Het nemen van een beslissing tot afgifte van een VGB is ook gemandateerd aan de teamhoofden van de Businessunit Veiligheidsonderzoeken. Als het daarbij evenwel gaat om gevallen waarin een aanvankelijk voornemen aan betrokkene is kenbaar gemaakt om de VGB te weigeren en er van dit voornemen in een later stadium wordt afgeweken, is de beslissing voorbehouden aan het hoofd van de Businessunit Veiligheidsonderzoeken.

De tekenbevoegdheid betreffende het weigeren van een VGB is eveneens gemandateerd aan de teamhoofden. Uitzonderingen hierop zijn de gevallen waarin het weigeren volgt op een veiligheidsonderzoek dat verricht is ten behoeve van de afgifte van een VGB voor beoogd eigen personeel van de AIVD of de weigering (gedeeltelijk) berust op gegevens als bedoeld in artikel 7, onder b en c, van de Wvo.
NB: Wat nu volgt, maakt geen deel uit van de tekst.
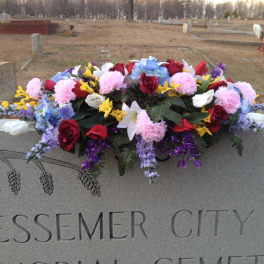 Colorful floral arrangement on a cemetery monument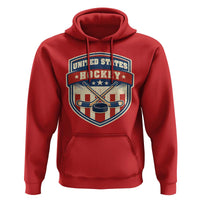 Hockey Crossed Sticks And Puck Retro USA Shield Flag Hoodie Red White Blue Striped Patriotic Sports Fan Pride Graphic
Deze bevoegdheid is, om eerdergenoemde redenen, immers voorbehouden aan de directeur Veiligheidsonderzoeken en Bedrijfsvoering. Wanneer het gaat om een weigering die uitsluitend berust op gegevens als bedoeld in artikel 7, onder a en/of d, van de Wvo, zijn de teamhoofden tekenbevoegd. Voorts is het doen van mededelingen aan een andere mogendheid of volkenrechtelijke organisatie ook gemandateerd aan de teamhoofden, voor zover deze mededelingen geen nadelige conclusies bevatten. Hieronder worden ook de afgifte en revalidatie van eerdergenoemde clearances begrepen.

De gemandateerde bevoegdheden aan de teamhoofden zijn niet beperkt tot het eigen team maar geven binnen de gestelde kaders teamoverstijgende tekenbevoegdheid.